An early start on Thursday morning seemed to be my best chance to witness the man being dubbed the greatest golfer of all-time. Unfortunately I wasn't the only one with that idea as the crowds had already lined the course when the starter announced "On tee Tiger Woods".
It would seem I also came severely underprepared. I think a few English milkmen will be a few crates short of a full van this morning due to Tigermania. Everyone seemed to be using them to stand on in order to gain an advantage in the quest to spot the Tiger, and those that didn't had plastic chairs, periscopes, binoculars. There were even people with periscopes on milk crates.
Those that didn't have something to stand on were even more imaginative, hanging from neighboring grandstands, standing on rubbish bins and climbing trees in the hope of catching a glimpse of 'the man'.
Despite the claims of his coach Butch Harman that he could win blindfolded, Woods opted not to cover up the eyes of the Tiger. He began in typical fashion with a birdie two on the first hole, not that I can tell you any more about it after finding myself stood behind what appeared to be three of the taller members of the Swedish basketball team.
"I can't believe I'm watching Tiger Woods. It's like seeing Elvis," said one wise man from the stands behind the second green, as the great man lined up his approach. At times it felt like I was more likely to see the former king of rock'n'roll than the current king of the fairways.
Tiger Team – Woods' minders who follow him wherever he goes – were also in flow, prowling the perimeter ready to pounce on anyone even considering putting a foot out of line. The last two British Opens have seen Woods encounter that age-old problem of naked women throwing themselves at him while out on the golf course. I was hoping a fake moustache and glasses would ensure I wouldn't suffer a similar fate.

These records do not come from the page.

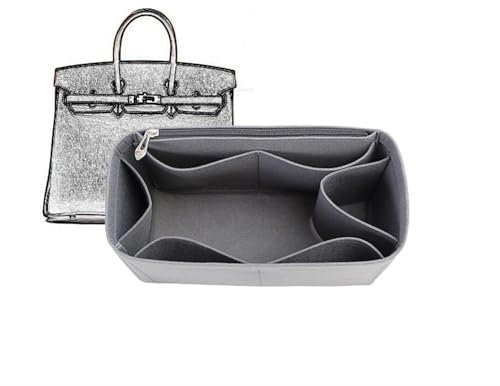 Taschen-Organizer, gefütterte Aufbewahrungstasche, Taschen-Aufbewahrungseinsatz, tragbare Kosmetiktasche for Hermes Birkin 25/30/35(Gray A,Birkin35)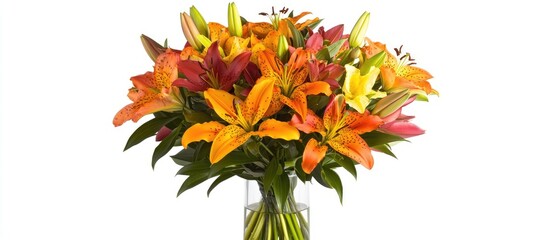 Vibrant bouquet of orange and yellow tiger lilies in a clear vase against a white background, showcasing their striking colors and elegance. © StockKing
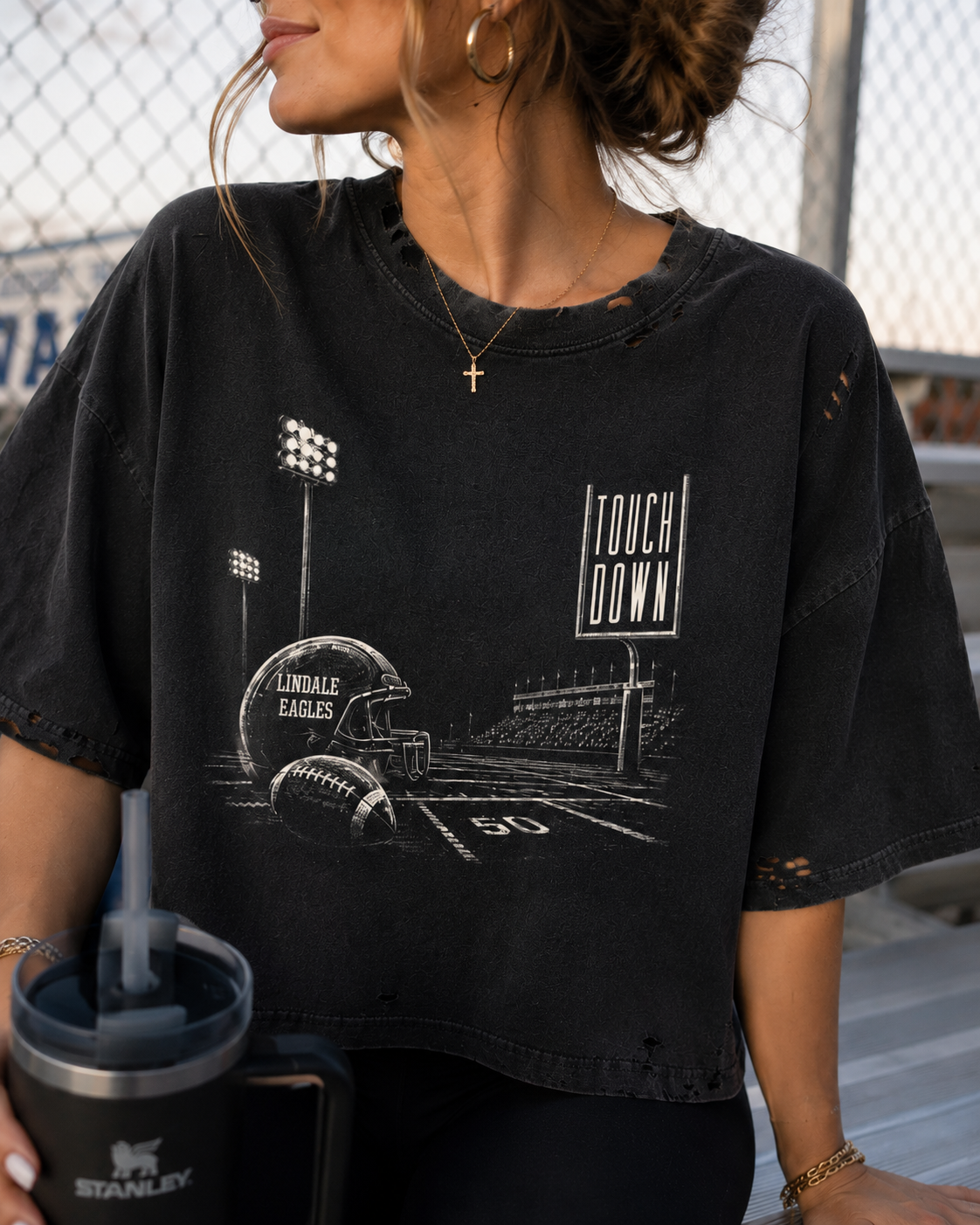 TOUCHDOWN Frayed Boxy Tee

One young fan had brought along a wood cover bearing a tiger's head (of the animal variety), presumably in case anyone was unsure who the crowds were all following.
A bogey at the fourth saw Woods slip back to level par and it was clear he wasn't finding things as easy at Lytham as he did at the home of golf in 2000.
A year ago, Woods managed to evade all of the bunkers at St Andrews as he strolled to his first British Open title. He found himself in six in his opening round at Royal Lytham, although he seemed as happy playing in the sand as he was hacking out of the deep rough that swallows up any stray tee shots.
By the 13th hole I'd had enough. The only way to determine if Woods had made birdie or bogey was from the reaction of the fans fortunate to have negotiated a vantage point around one of the greens.
I opted to watch the remaining holes from the big screen handily placed in the centre of the course for those fans who had forgotten to come equipped with a milk crate or two.
Tiger birdied the 16th and then finished par-par on Lytham's notoriously difficult final two holes to card a 71, a reasonable result considering he rarely hit the form everyone knows and fears he's capable of.
"It definitely wasn't an easy round today," he said, presumably meaning the golf, rather than the spectating. "I didn't really hit the ball the way I wanted to today.
"I feel satisfied. The way I played today I didn't put myself out of the tournament. Sometimes you need to gut it out and get around. And I was able to just hang in there today and persevere."
Unfortunately, I couldn't say the same.